RECORDS SHOWN Start Marker
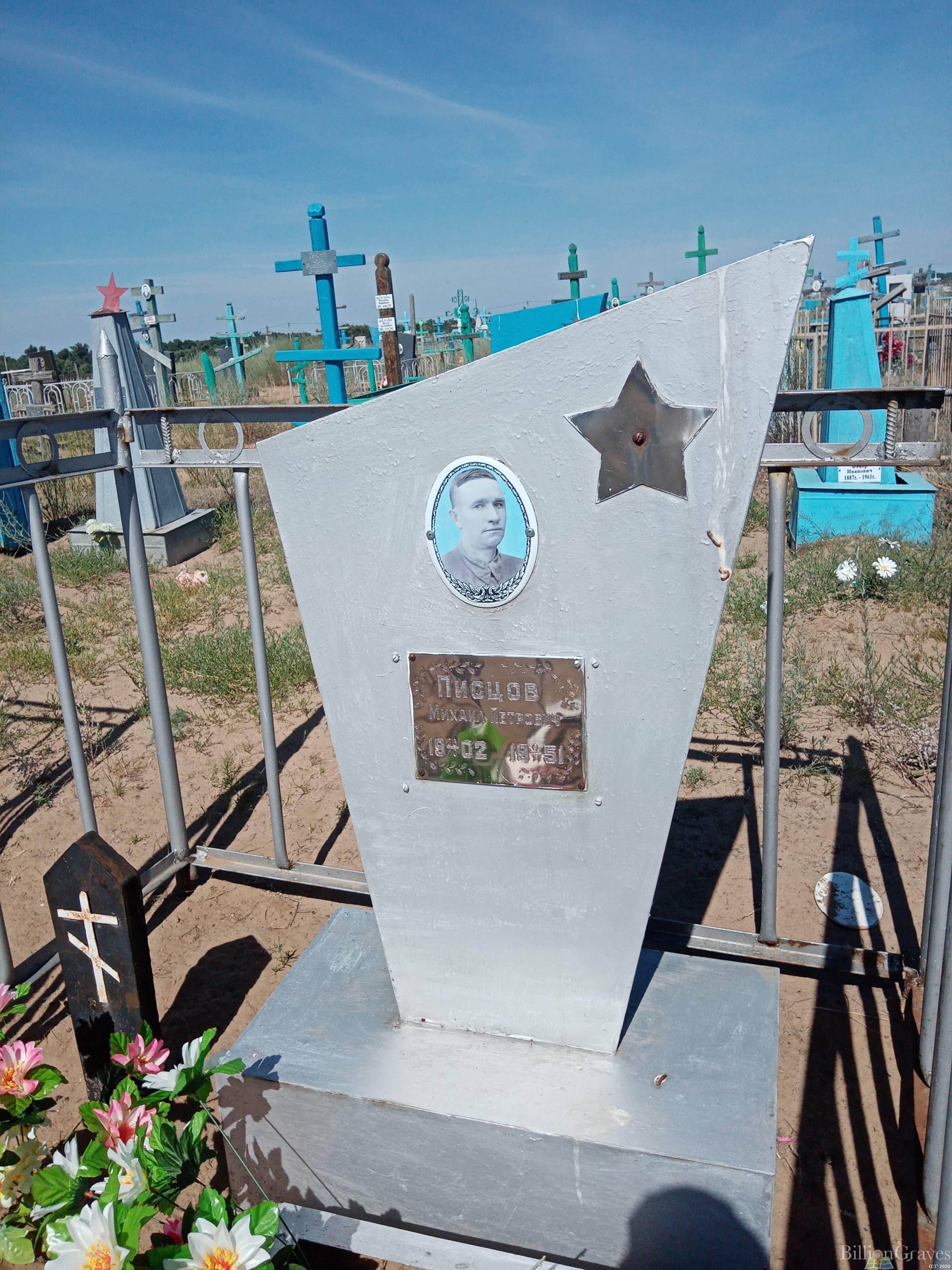 Писцов Михаил Петрович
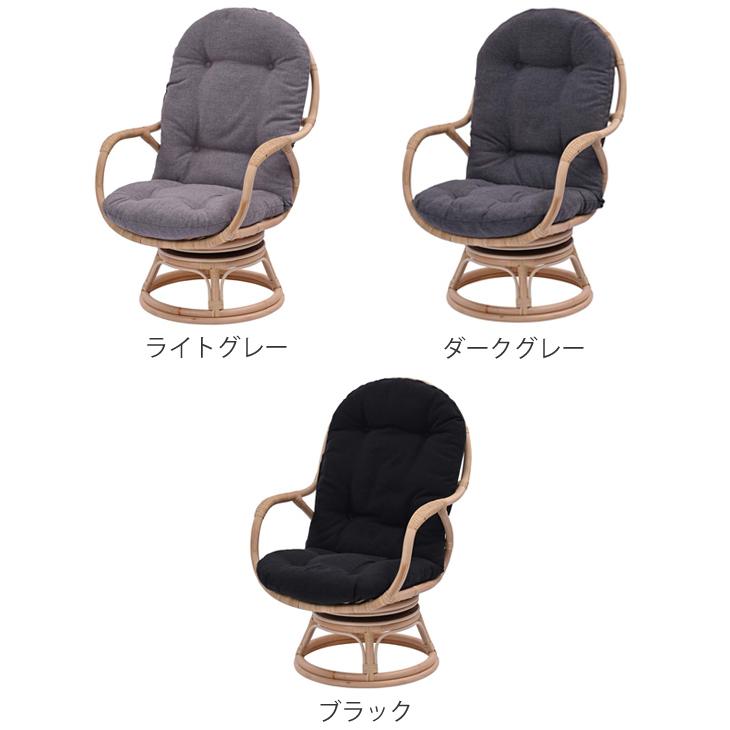 籐 回転アームチェア クッション付 ラタン製 座面高45cm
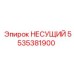 Высокоточный подшипник для буровых Epiroc 5535381900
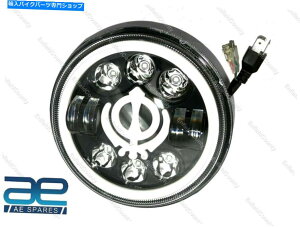 Headlight Khanda Sahib 7 "LEDwbhCg̃CGtB[hNVbNGNgWECS The Khanda Sahib 7" LED Headlight for Royal Enfield Classic Electra Standard ECs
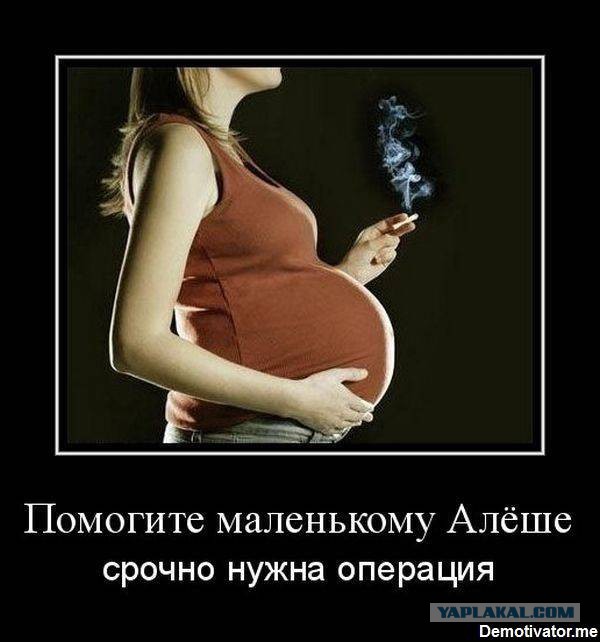Беременных россиянок предложили штрафовать за алкоголь и курение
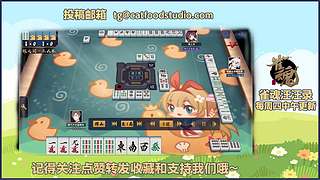 雀魂麻将直播间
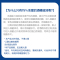 75度酒精消毒液消毒水喷雾汽车用家居便携式皮肤衣服衣物杀毒杀菌 1箱共160瓶
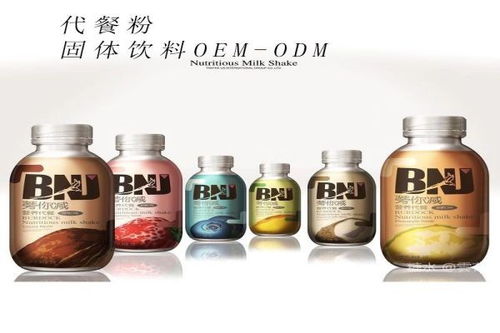 新城代餐粥定制貼牌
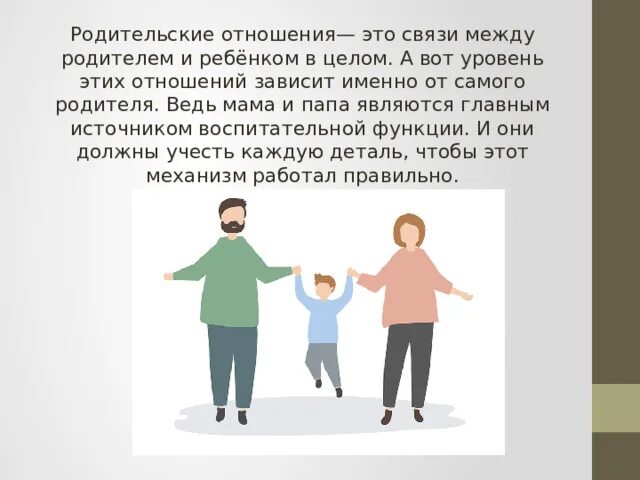 Родительское отношение определение
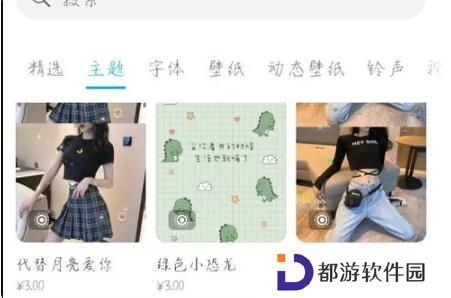 华为主题商店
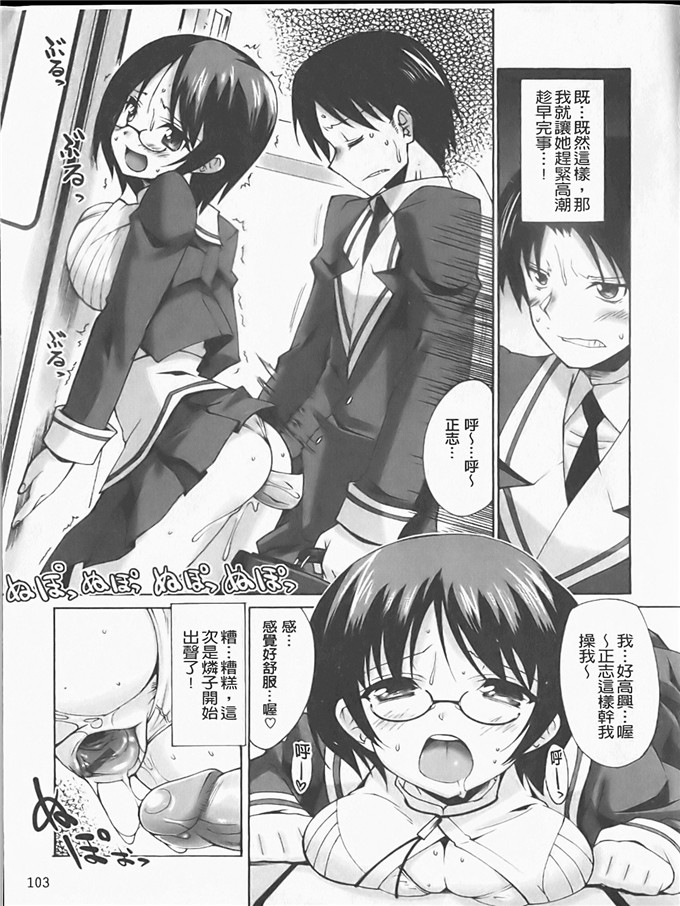 工口h漫画之静留本子[しのづかあつと] ぼへみあん_らぷそでぃー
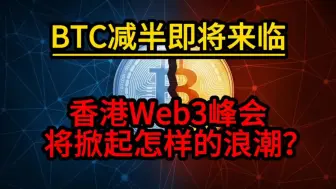 Tải video: btc减半来临，还能机会吗？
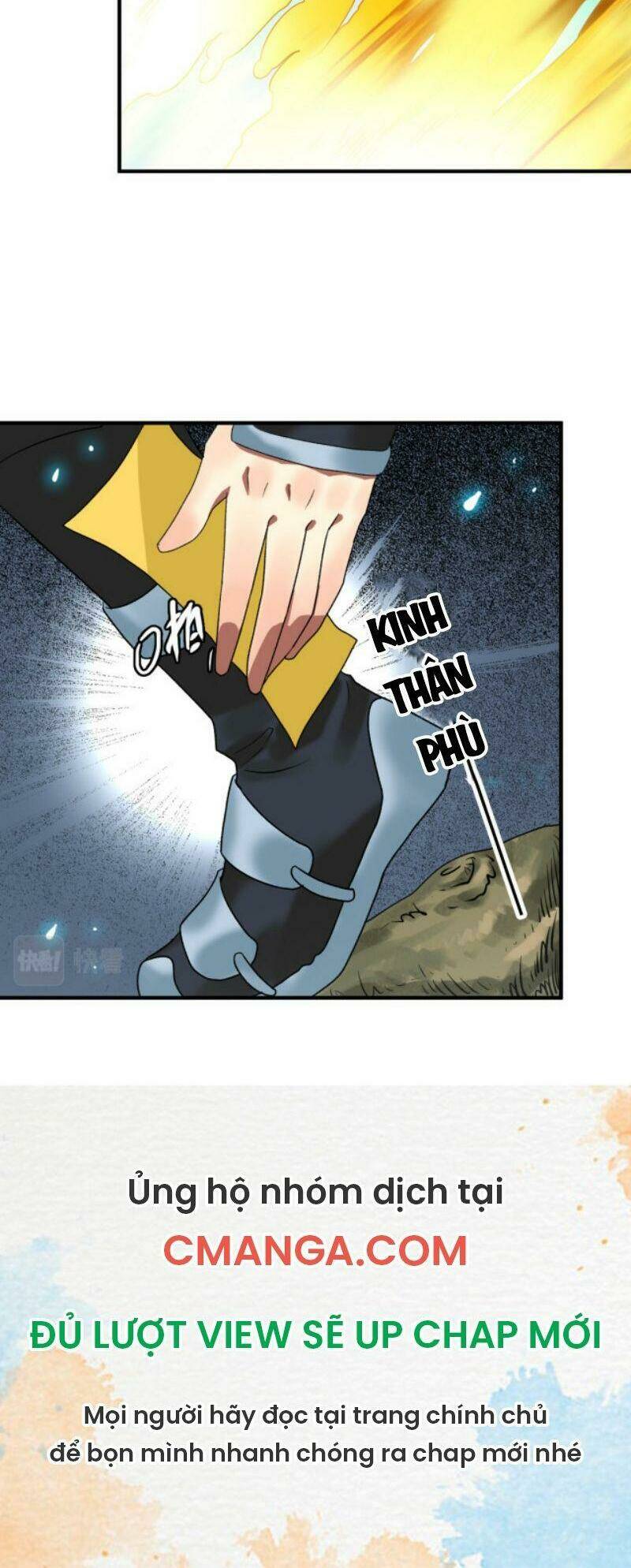 Siêu Đạo Thần Thuật: Chapter 34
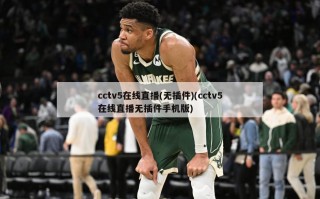 cctv5在线直播(无插件)(cctv5在线直播无插件手机版)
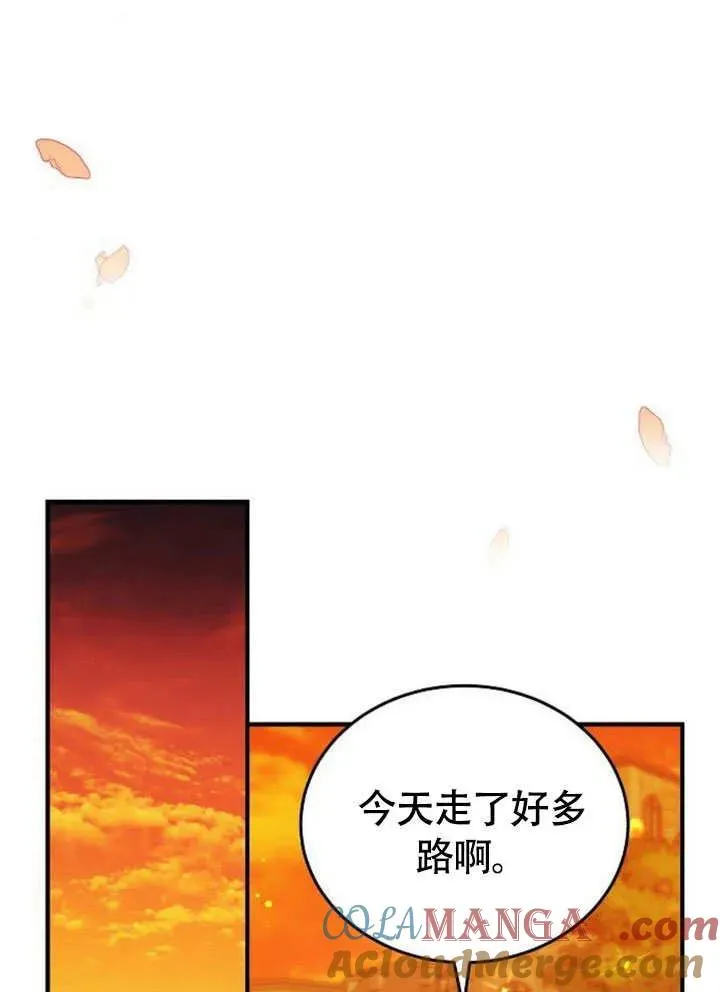 第54话 第49页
RECORDS SHOWN End Marker
TASK REQUIREMENTS
Repeat the records above exactly. No pictures go into the repeat.

SOLUTION
 Писцов Михаил Петрович
 籐 回転アームチェア クッション付 ラタン製 座面高45cm
 Высокоточный подшипник для буровых Epiroc 5535381900
 Headlight Khanda Sahib 7 "LEDwbhCg̃CGtB[hNVbNGNgWECS The Khanda Sahib 7" LED Headlight for Royal Enfield Classic Electra Standard ECs
Беременных россиянок предложили штрафовать за алкоголь и курение
 雀魂麻将直播间
 75度酒精消毒液消毒水喷雾汽车用家居便携式皮肤衣服衣物杀毒杀菌 1箱共160瓶
 新城代餐粥定制貼牌
 Родительское отношение определение
 华为主题商店
 工口h漫画之静留本子[しのづかあつと] ぼへみあん_らぷそでぃー
 Tải video: btc减半来临，还能机会吗？
 Siêu Đạo Thần Thuật: Chapter 34
 cctv5在线直播(无插件)(cctv5在线直播无插件手机版)
 第54话 第49页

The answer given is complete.